Learning Affinity-Aware Upsampling for Deep Image Matting
This work offers a more efficient way to incorporate pairwise interactions in deep networks for detail-sensitive tasks like image matting, benefiting researchers and practitioners seeking compact and high-performing models.
This paper introduces Affinity-Aware Upsampling (A2U), a method that learns pairwise interactions directly within the upsampling process using second-order features. On the Composition-1k matting dataset, A2U achieved a 14% relative improvement in the SAD metric over a strong baseline with less than 0.5% parameter increase, and an 8% higher performance with only 40% model complexity compared to state-of-the-art matting networks.
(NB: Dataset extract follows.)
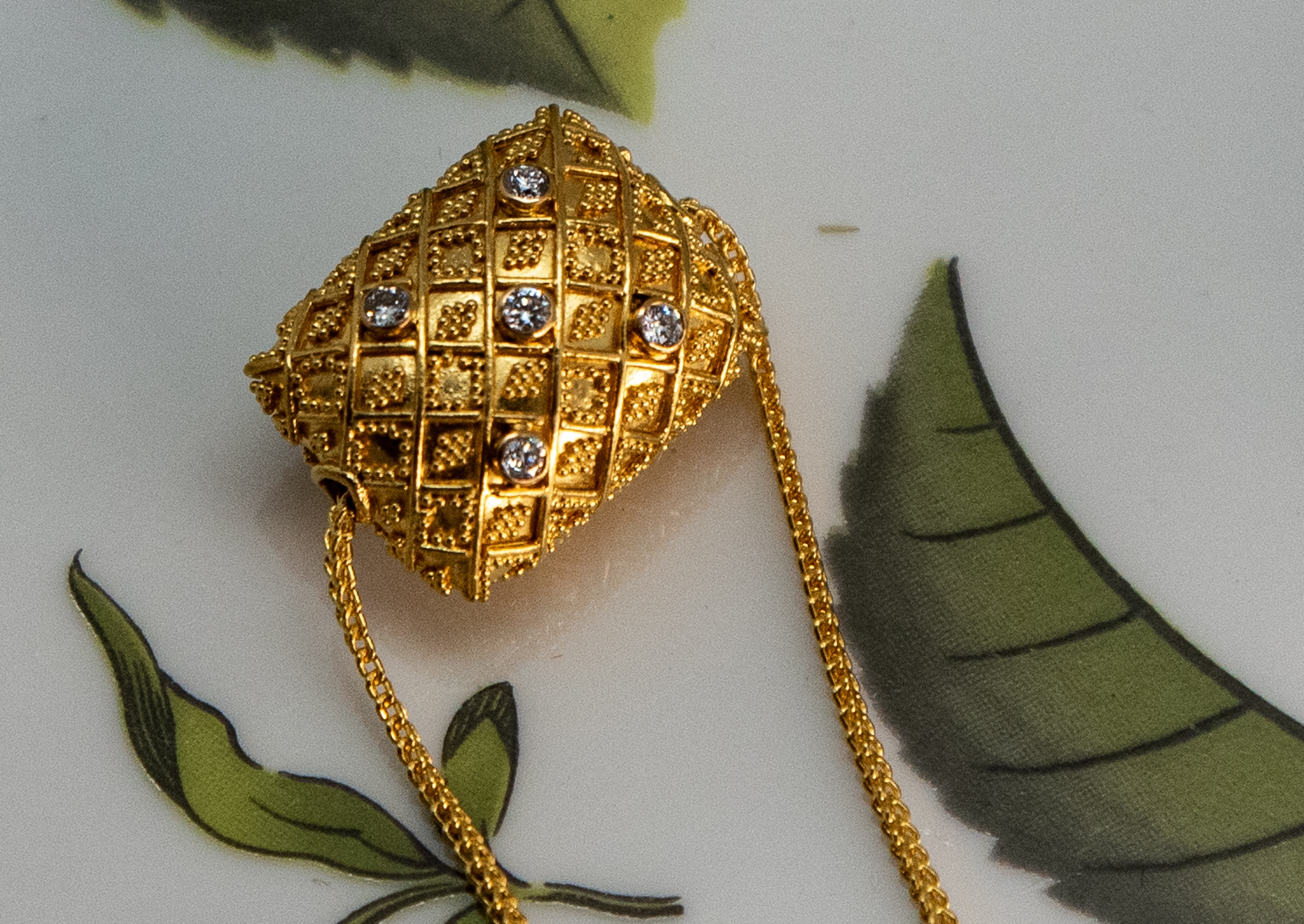 22K Balinese gold pillow shaped bead with fancy granulation and diamonds on a matching 22K gold chain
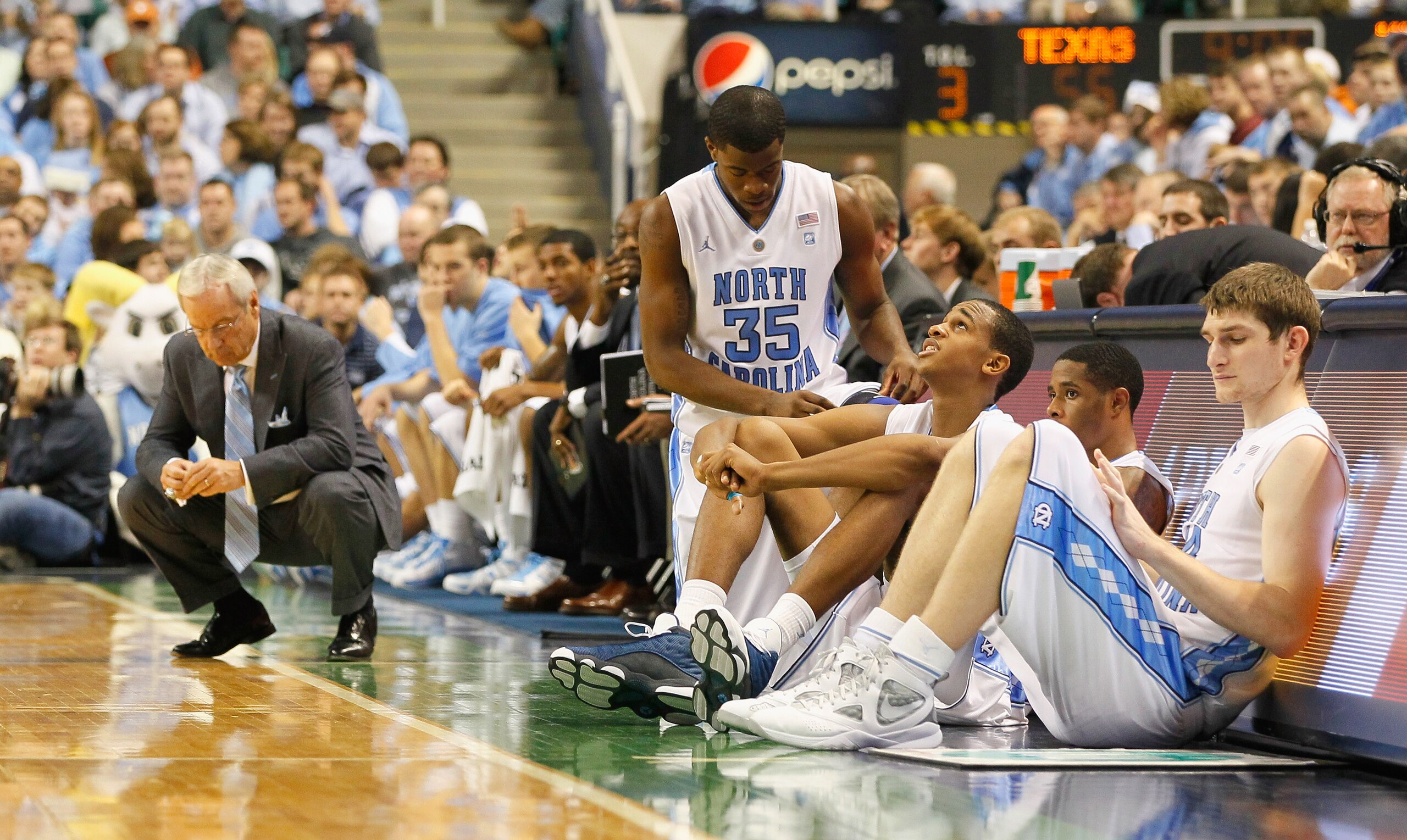 GREENSBORO, NC - DECEMBER 18: Reggie Bullock #35, John Henson #31, Larry Drew II #11 and Tyler Zeller #44 of the North Carolina Tar Heels wait to enter the game as head coach Roy Williams reacts to a basket by the Texas Longhorns at Greensboro Coliseum o GREENSBORO, NC - DECEMBER 18: Reggie Bullock #35, John Henson #31, Larry Drew II #11 and Tyler Zeller #44 of the North Carolina Tar Heels wait to enter the game as head coach Roy Williams reacts to a basket by the Texas Longhorns at Greensboro Coliseum o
We show that learning affinity in upsampling provides an effective and efficient approach to exploit pairwise interactions in deep networks. Second-order features are commonly used in dense prediction to build adjacent relations with a learnable module after upsampling such as non-local blocks. Since upsampling is essential, learning affinity in upsampling can avoid additional propagation layers, offering the potential for building compact models. By looking at existing upsampling operators from a unified mathematical perspective, we generalize them into a second-order form and introduce Affinity-Aware Upsampling (A2U) where upsampling kernels are generated using a light-weight lowrank bilinear model and are conditioned on second-order features. Our upsampling operator can also be extended to downsampling. We discuss alternative implementations of A2U and verify their effectiveness on two detail-sensitive tasks: image reconstruction on a toy dataset; and a largescale image matting task where affinity-based ideas constitute mainstream matting approaches. In particular, results on the Composition-1k matting dataset show that A2U achieves a 14% relative improvement in the SAD metric against a strong baseline with negligible increase of parameters (<0.5%). Compared with the state-of-the-art matting network, we achieve 8% higher performance with only 40% model complexity.